L'Association du camionnage du Québec considère depuis longtemps la sécurité routière comme une priorité. Elle en fait d'ailleurs la promotion de différentes façons, telles entre autres, la tolérance zéro sur la vitesse, l'obligation d'activer des limiteurs de vitesse sur les véhicules et la diffusion de conseils de sécurité par le programme des Ambassadeurs de la route.
L'Association s'est appliquée avec ferveur à promouvoir une révision en profondeur des normes canadiennes actuelles. L'objectif étant de permettre une gestion plus efficace de la fatigue en augmentant les heures quotidiennes de repos et en conservant une flexibilité qui autorise un repos réparateur et adapté à la physiologie de chaque individu. Nous encourageons la prolifération d'outils de contrôle des heures de conduite au moyen de technologies à bord des véhicules.
L'utilisation des freins moteurs (freins «Jacob») est amplement justifiée et répandue dans les régions où la géographie est accidentée. Notre Association dénonce le fait que de plus en plus de gouvernements municipaux l'interdisent sur leur territoire, privant ainsi leurs citoyens de dispositifs qui ont fait leurs preuves au chapitre de la sécurité routière.
L'Association du camionnage du Québec promouvoit, depuis plusieurs années,une réglementation des masses et dimensions des véhicules lourds plus simple, mieux harmonisée avec celle des autres administrations nord-américaines tout en permettant de sauvegarder l'intégrité du réseau routier au Québec.

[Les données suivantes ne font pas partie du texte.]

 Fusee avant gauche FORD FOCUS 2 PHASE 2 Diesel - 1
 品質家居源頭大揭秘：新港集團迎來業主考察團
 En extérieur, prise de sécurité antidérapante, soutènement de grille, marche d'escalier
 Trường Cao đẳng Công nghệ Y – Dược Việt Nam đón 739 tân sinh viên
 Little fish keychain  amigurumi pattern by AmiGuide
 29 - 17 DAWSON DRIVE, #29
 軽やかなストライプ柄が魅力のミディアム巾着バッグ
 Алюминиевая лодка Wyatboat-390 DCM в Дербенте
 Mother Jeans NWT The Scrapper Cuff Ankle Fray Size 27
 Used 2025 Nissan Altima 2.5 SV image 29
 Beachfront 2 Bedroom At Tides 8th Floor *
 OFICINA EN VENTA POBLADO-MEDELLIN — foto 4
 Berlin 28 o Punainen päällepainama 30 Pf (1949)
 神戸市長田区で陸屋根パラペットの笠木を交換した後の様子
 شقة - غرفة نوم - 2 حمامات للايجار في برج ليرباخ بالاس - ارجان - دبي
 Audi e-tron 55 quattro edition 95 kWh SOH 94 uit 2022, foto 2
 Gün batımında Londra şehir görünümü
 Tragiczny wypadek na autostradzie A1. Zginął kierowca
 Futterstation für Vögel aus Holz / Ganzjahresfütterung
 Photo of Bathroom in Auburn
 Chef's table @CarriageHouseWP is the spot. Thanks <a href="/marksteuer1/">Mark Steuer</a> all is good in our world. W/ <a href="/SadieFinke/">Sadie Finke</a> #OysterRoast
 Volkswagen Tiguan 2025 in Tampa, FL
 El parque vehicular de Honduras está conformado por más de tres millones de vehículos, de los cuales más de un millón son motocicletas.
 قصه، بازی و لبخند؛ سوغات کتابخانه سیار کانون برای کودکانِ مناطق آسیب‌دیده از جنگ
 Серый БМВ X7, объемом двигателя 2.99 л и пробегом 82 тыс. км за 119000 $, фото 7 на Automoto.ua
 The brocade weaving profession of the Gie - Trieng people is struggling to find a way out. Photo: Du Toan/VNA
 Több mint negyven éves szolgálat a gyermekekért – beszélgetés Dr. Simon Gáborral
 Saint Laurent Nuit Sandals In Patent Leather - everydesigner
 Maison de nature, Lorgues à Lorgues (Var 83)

En adhérant au Commercial Vehicule Safety Alliance (CVSA), le Québec a répondu à une demande insistante de notre Association d'harmoniser ses normes de vérification mécanique avec celles de toutes les autres administrations d'Amérique du Nord. De plus, le Programme volontaire d'entretien préventif (PEP) des véhicules mis sur pied par la SAAQ a fait, depuis son entrée en vigueur, l'objet d'ajustements qui tiennent compte d'une fréquence de vérifications qui permettent davantage l'atteinte des objectifs de sécurité recherchés par la SAAQ et qui reflètent les normes en vigueur dans les autres administrations. Toujours au chapitre d'une harmonisation nord-américaine, le projet de révision des normes d'arrimage des marchandises constitue aussi une préoccupation constante.
Notre Association s'investit dans une réforme et une simplification des normes prévalant dans le transport dit «hors-normes». De plus, les essieux autovireurs pourraient bientôt faire l'objet d'une obligation réglementaire sur les nouveaux véhicules, ce qui nous pousse à rechercher activement la meilleure solution technique.